Go through the listing and pick out each line with the word "Used" in it.

---

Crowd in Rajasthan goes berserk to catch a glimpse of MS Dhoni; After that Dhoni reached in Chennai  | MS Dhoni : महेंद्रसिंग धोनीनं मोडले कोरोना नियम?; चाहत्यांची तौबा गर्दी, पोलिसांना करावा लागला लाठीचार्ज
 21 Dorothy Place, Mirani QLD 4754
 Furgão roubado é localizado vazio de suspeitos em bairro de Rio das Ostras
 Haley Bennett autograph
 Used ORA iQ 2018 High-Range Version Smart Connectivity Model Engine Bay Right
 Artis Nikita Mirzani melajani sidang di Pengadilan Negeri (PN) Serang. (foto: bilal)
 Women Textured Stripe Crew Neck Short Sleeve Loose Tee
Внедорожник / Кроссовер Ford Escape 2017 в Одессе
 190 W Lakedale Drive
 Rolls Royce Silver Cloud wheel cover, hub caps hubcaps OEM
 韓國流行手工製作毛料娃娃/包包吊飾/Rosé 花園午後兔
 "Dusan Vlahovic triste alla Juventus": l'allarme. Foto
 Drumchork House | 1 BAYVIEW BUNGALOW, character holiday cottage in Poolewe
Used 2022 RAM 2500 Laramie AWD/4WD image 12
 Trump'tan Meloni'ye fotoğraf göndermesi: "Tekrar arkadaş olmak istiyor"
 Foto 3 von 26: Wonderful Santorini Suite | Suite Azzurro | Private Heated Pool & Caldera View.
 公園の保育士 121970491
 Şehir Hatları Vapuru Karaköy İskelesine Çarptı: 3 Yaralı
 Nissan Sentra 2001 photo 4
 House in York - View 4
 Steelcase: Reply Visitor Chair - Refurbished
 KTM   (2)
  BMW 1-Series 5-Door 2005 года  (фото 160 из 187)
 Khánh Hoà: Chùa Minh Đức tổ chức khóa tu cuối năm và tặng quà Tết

---

- [Answer box]
 Used ORA iQ 2018 High-Range Version Smart Connectivity Model Engine Bay Right
Used 2022 RAM 2500 Laramie AWD/4WD image 12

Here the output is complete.